>>>

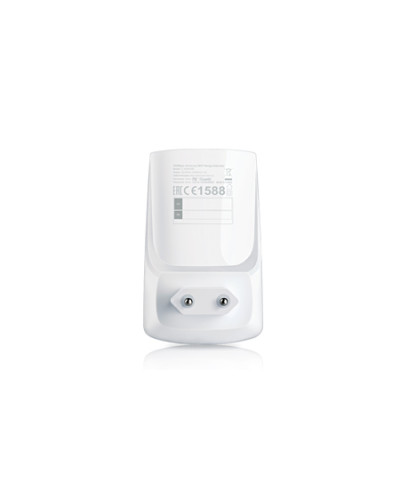 Точка доступу TP-Link TL-WA854RE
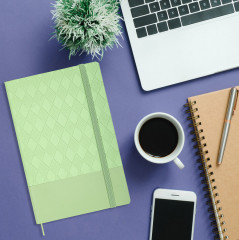 Блокнот - Фото 8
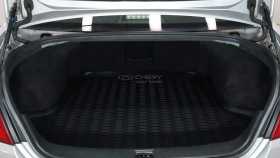 Nissan Teana 2011 г.в.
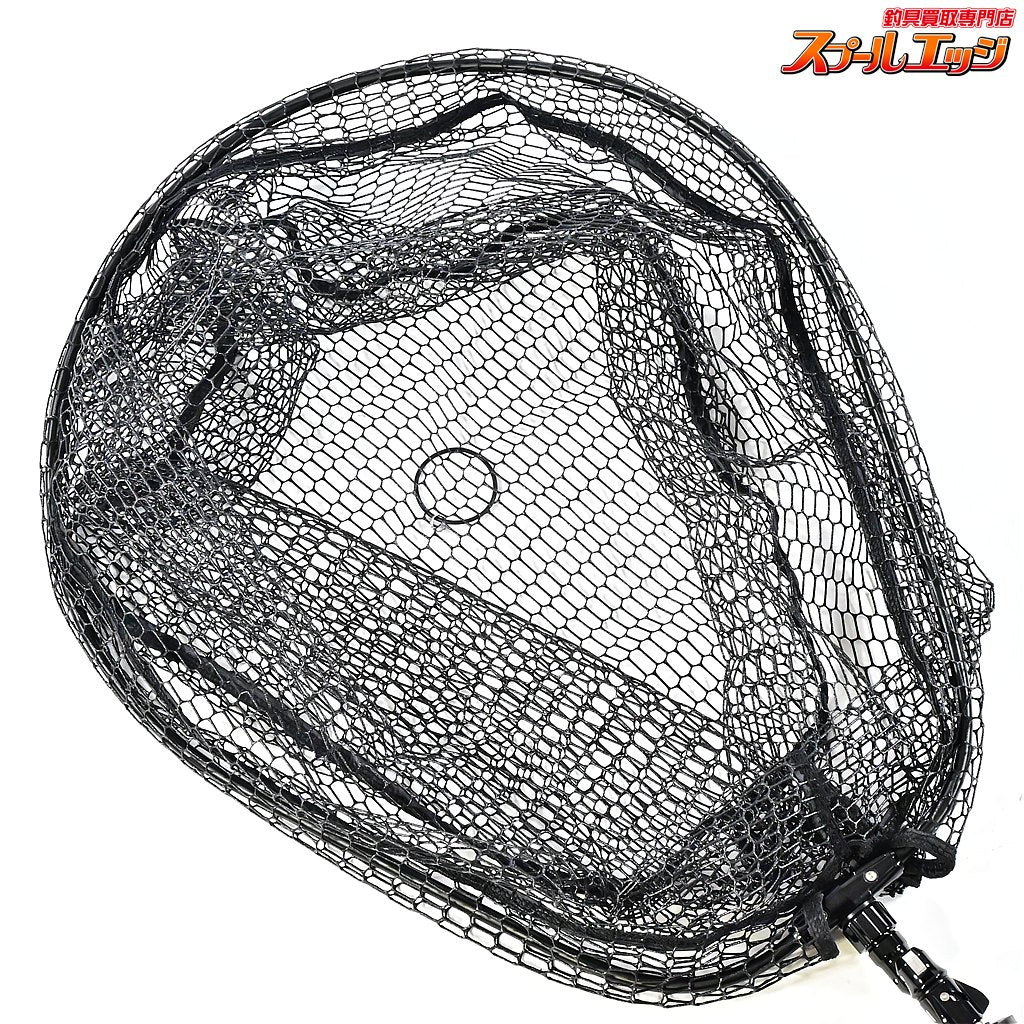 【メジャークラフト】 ソルパラ ランディングシャフト 600 LS-600SPX & ダイワFL2 55RC装着 ラバーコート Major Craft SOLPARA LANDING SHAFT K_102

<<<

WHAT NEEDS TO BE DONE » Each line above should be written out again exactly, without any image.

TASK RESPONSE »
 Точка доступу TP-Link TL-WA854RE
 Блокнот - Фото 8
 Nissan Teana 2011 г.в.
 【メジャークラフト】 ソルパラ ランディングシャフト 600 LS-600SPX & ダイワFL2 55RC装着 ラバーコート Major Craft SOLPARA LANDING SHAFT K_102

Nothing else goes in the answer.